I have narrowed down the non-boot to be between r3818-r3820.

  • r3818-1cb406d019 boots ok (but wifi is broken, already by the earlier commits)
  • r3820-d5b10bb560 does not boot. (Note: I tried both as it is and with the MTD config item change reverted, as I can't see how that item is related to the crypto stuff that the commit is about)

So it looks like the non-boot condition is caused by one of these:

  • d5b10bb560 ipq806x: make the dwc3 driver and required phy drivers built-in
  • 7dc5617173 ipq806x: enable QCE hardware crypto inside the kernel

I am currently compiling r3819

EDIT:
r3819-7dc5617173 boots ok (without wifi) when the MTD change was reverted, so it looks like the culprit is r3820:

  • d5b10bb560 ipq806x: make the dwc3 driver and required phy drivers built-in

Ps.
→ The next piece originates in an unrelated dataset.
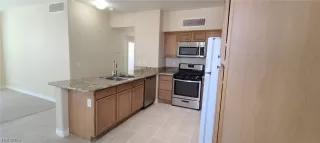 Photo #3: 2794986 Listing 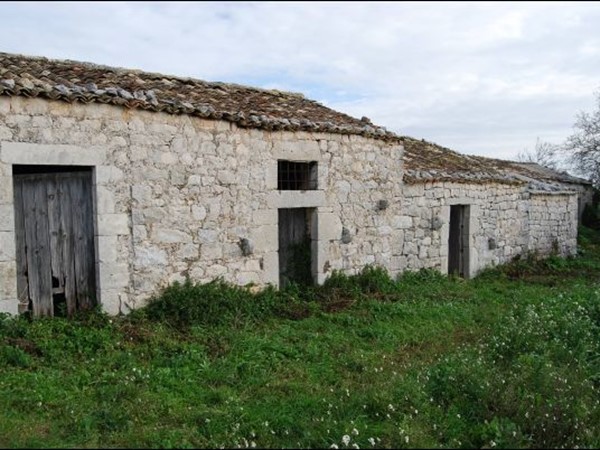 Monolocale in Vendita a Modica, zona SORDA PERIFERIA, 140'000€, 330 m²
Luckily the whole ipq806x seems to be broken in the phase1 buildbot, so the faulty builds will not reach the general public.

@hnyman

Sorry, I just saw that John merged the IPQ40XX. I guess, I'll be here answering questions in the mean time.
The wifi breakage is caused by the removal of 936-ath10k_skip_otp_check.patch from the mac80211 package.

I've talked to Michal Kazior about this back in November 2016. But he hasn't come up with a solution either.
The issue with the 936- is that it breaks IPQ40XX device identification and it gets detected as a pcie device
(rather than AHB) and this in turn causes the ath10k driver to abort since it can't find the matching boarddata.

Since I don't have a IPQ806x, I can't test what would be a good solution/WA for this. However, this needs to
be fixed in some way since the upcoming IPQ807X (from what I know) also integrates the WIFI-MAC into the
SoC (so it going to be AHB/AXI too).

From IPQ40XX perspective:

  /* otp and board file not needed if calibration data is present */
  if (calret) {
          ret = ath10k_core_get_board_id_from_otp(ar);
          if (ret && ret != -EOPNOTSUPP) {

is the problematic part. Qualcomm switched from "cal" to "pre-cal". The pre-cal data contains the actual project/board id, that gets later returned back to the driver. Since the pre-cal is mandatory, the calret value is 0 for the IPQ40XX and the
board identification step is skipped. (And I think ath10k just assumes it's a PCIE chip).

So I wonder, what's wrong with the QCA988x/QCA99xx, since ath10k_core_get_board_id_from_otp() should work there as well?